GoldenCheetah / OpenData

A project to collect, collate and share an open data set with contributions from users of the GoldenCheetah application
38 stars 6 forks source link

Init of Python library #3

Closed AartGoossens closed 5 years ago

AartGoossens commented 6 years ago

Based on earlier work for https://github.com/AartGoossens/sweatpy.

glemaitre commented 6 years ago

What could be cool is to not remove the file. Like this before the download the data, it is possible to check if it is present locally and just unzip. We can also make some check regarding the hash of the downloaded and remote data.

AartGoossens commented 6 years ago

@glemaitre

What could be cool is to not remove the file. Like this before the download the data, it is possible to check if it is present locally and just unzip. We can also make some check regarding the hash of the downloaded and remote data.

I'm not sure if I understand what you mean. Do you suggest to just skip removal of the zip file? What's the use case for this? People will most likely download the zip using this library right?

glemaitre commented 6 years ago

What I mean is to avoid redownloading the data that we have locally. I don't think that right now there is a mechanism to prevent it, isn't it.

AartGoossens commented 6 years ago

What I mean is to avoid redownloading the data that we have locally. I don't think that right now there is a mechanism to prevent it, isn't it.

Ah yes, that's correct. I expect it to fail now at unzipping the data because the files already exist. I didn't get to include error handling like that. Checking if an athlete is already downloaded should be done here indeed.

glemaitre commented 6 years ago

Actually I recently wrote the following which check the hash before redownloading the data. I think that it could useful. The only thing that we need to check is that OSF is having an hash of the zip file.

liversedge commented 6 years ago

The files have a version number. They will change infrequently -- currently new versions are only uploaded > 365 days since the last.

glemaitre commented 6 years ago

The files have a version number.

Yep and online you can have the hashes. I would assume that we could get it from the metadata. I have to check the CLI.

AartGoossens commented 6 years ago

Yep and online you can have the hashes. I would assume that we could get it from the metadata. I have to check the CLI.

The hashes are not available directly from the cli but once you have the file id you can call the api to get them:

requests.get(f'https://api.osf.io/v2/files/{file.id}')

... will give you a response which contains the sha256 and md5 hashes:

"attributes": {
    "extra": {
        "hashes": {
            "sha256": "3a3f980006b3492e1f7e5aa38470af8f3e01657d5806d02d54ee1671eeea1d85",
            "md5": "5c06fe6564ed26d02b59cbd2d0796950"
        },
        "downloads": 1
    }
}
glemaitre commented 6 years ago

This is something which could be contributed upstream I think.
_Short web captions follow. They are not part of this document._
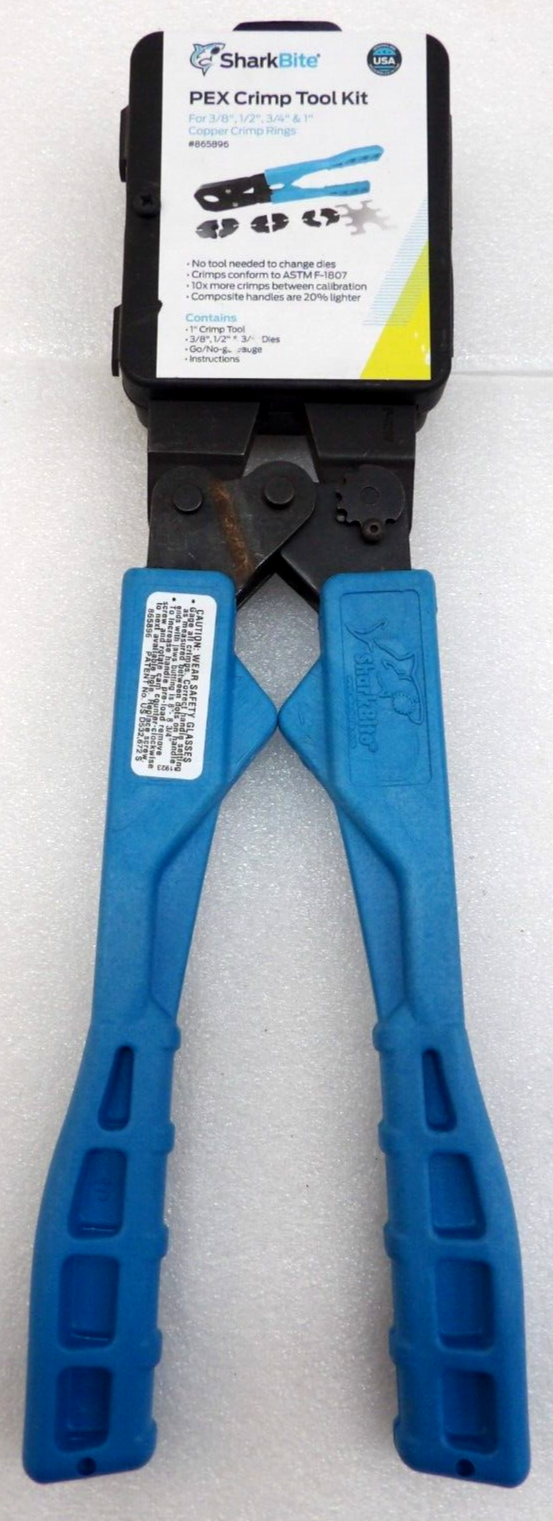 SharkBite Pex Crimp Tool Kit 865896 For 3/8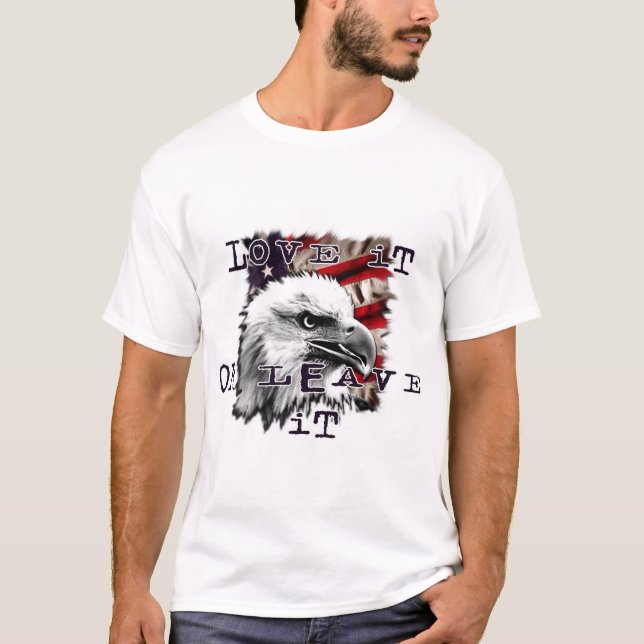T-shirt Aimez-le ou laissez-le (Devant)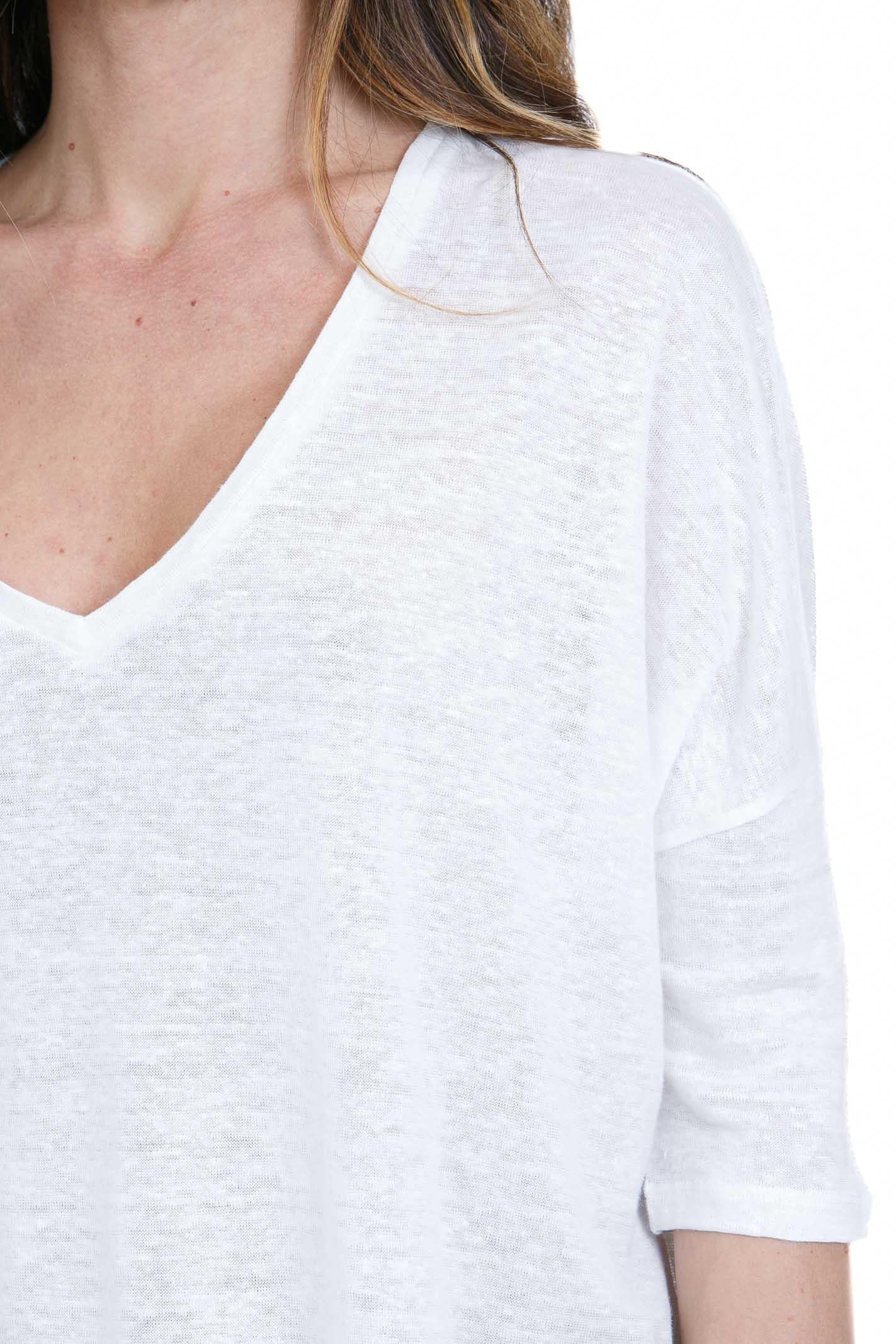 NOT SHY  T- Shirt Blanc EMILIE-NF8A000LIP000 BLANC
I might try to make PR upstream and see what the dev think. 

glemaitre commented 6 years ago

FYI: https://github.com/osfclient/osfclient/pull/142

AartGoossens commented 5 years ago

Open Data is now also on AWS S3 and since creating a library for this resource is more convenient I started from scratch again and created a new PR here https://github.com/GoldenCheetah/OpenData/pull/5. Closing this PR.